Stored data =>
####################
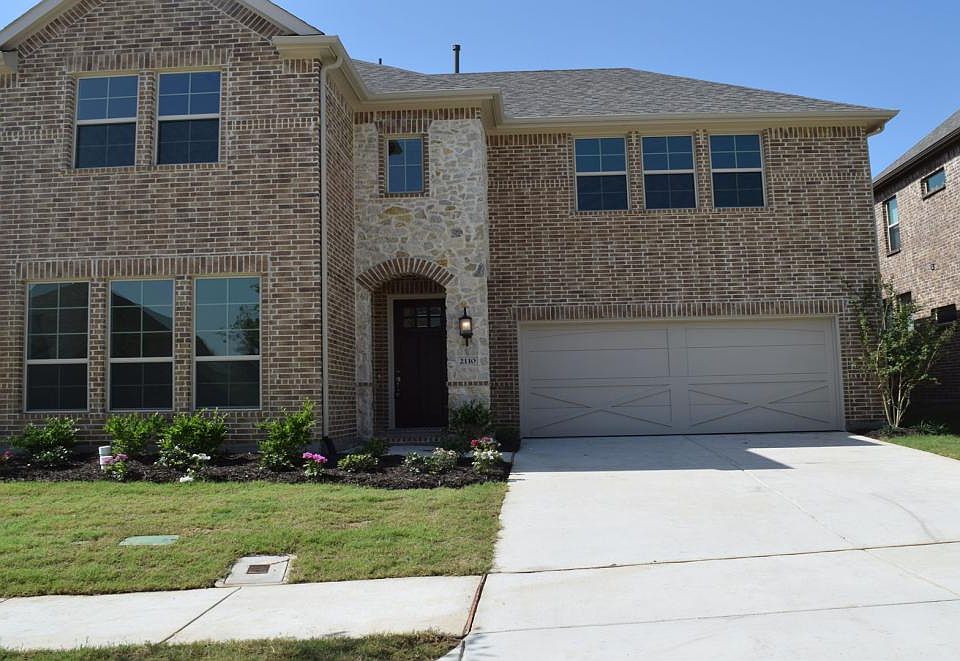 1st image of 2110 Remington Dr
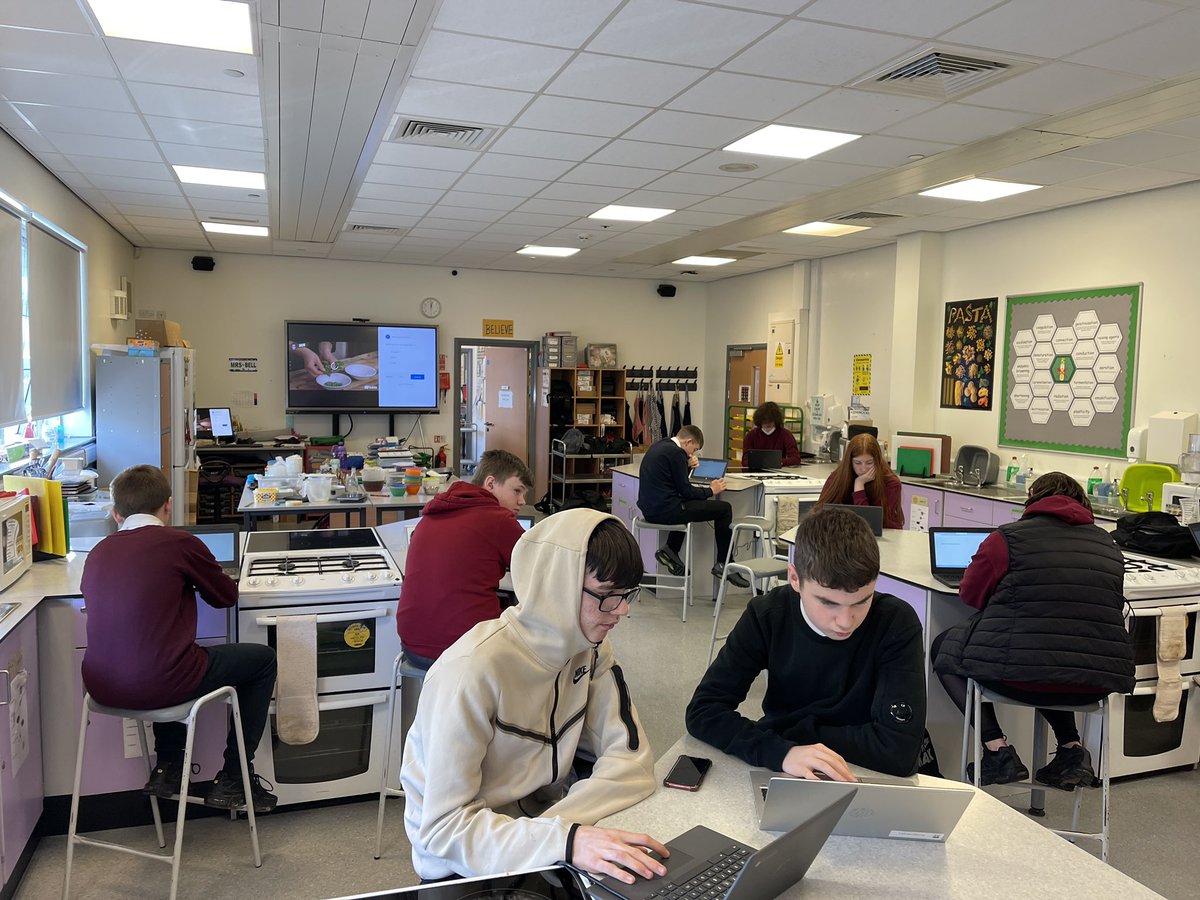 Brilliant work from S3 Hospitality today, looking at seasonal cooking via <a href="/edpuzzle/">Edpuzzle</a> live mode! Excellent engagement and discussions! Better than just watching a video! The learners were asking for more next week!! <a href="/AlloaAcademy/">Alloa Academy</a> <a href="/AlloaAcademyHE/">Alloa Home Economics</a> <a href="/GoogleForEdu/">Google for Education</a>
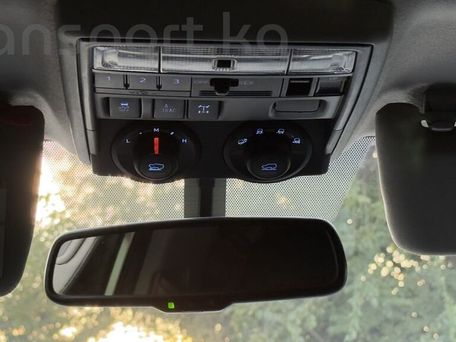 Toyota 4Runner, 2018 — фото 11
####################
Output the material above exactly as written and drop any images it holds.

 1st image of 2110 Remington Dr
 Brilliant work from S3 Hospitality today, looking at seasonal cooking via <a href="/edpuzzle/">Edpuzzle</a> live mode! Excellent engagement and discussions! Better than just watching a video! The learners were asking for more next week!! <a href="/AlloaAcademy/">Alloa Academy</a> <a href="/AlloaAcademyHE/">Alloa Home Economics</a> <a href="/GoogleForEdu/">Google for Education</a>
 Toyota 4Runner, 2018 — фото 11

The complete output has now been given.